Question

Two objects \(A\) and \(B\)are placed at \(15\, cm\) and \(25\, cm\) from the pole in front of a concave mirros having radius of curvature \(40\, cm\). The distance between images formed by the mirror is:

• A. \(40 \,cm\)
• B. \(160 \,cm\)
• C. \(60 \,cm\)
• D. \(100\, cm\)

Hint:

Remember the sign conventions for concave mirrors. The mirror formula is essential for solving problems involving image formation.

Answer 1

The Correct Option is B

Step 1: Determine the Focal Length

The focal length (\(f\)) of a concave mirror is half of its radius of curvature (\(R\)):

\[ f = \frac{R}{2} = \frac{40}{2} = -20 \, \text{cm} \]

The focal length is negative for a concave mirror.

Step 2: Use the Mirror Formula for Object A

The mirror formula relates the object distance (\(u\)), image distance (\(v\)), and focal length (\(f\)):

\[ \frac{1}{v} + \frac{1}{u} = \frac{1}{f} \]

For object A, \(u_1 = -15 \, \text{cm}\) (negative because the object is in front of the mirror).

\[ \frac{1}{v_1} + \frac{1}{-15} = \frac{1}{-20} \] \[ \frac{1}{v_1} = \frac{1}{15} - \frac{1}{20} = \frac{20 - 15}{300} = \frac{5}{300} = \frac{1}{60} \] \[ v_1 = 60 \, \text{cm} \]

Step 3: Use the Mirror Formula for Object B

For object B, \(u_2 = -25 \, \text{cm}\):

\[ \frac{1}{v_2} + \frac{1}{-25} = \frac{1}{-20} \] \[ \frac{1}{v_2} = \frac{1}{25} - \frac{1}{20} = \frac{20 - 25}{500} = \frac{-5}{500} = \frac{-1}{100} \] \[ v_2 = -100 \, \text{cm} \]

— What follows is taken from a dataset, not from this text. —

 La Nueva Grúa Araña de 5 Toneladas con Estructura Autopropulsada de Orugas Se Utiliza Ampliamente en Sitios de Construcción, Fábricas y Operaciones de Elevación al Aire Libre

Step 4: Calculate the Distance Between the Images

The image of A is formed at \(v_1 = 60 \, \text{cm}\) (positive, so it’s a real image formed in front of the mirror). The image of B is formed at \(v_2 = -100 \, \text{cm}\) (negative, so it’s a virtual image formed behind the mirror). The distance (\(d\)) between the images is:

\[ d = |v_1| + |v_2| = 60 + 100 = 160 \, \text{cm} \]

Conclusion:

The distance between the images is 160 cm (Option 2).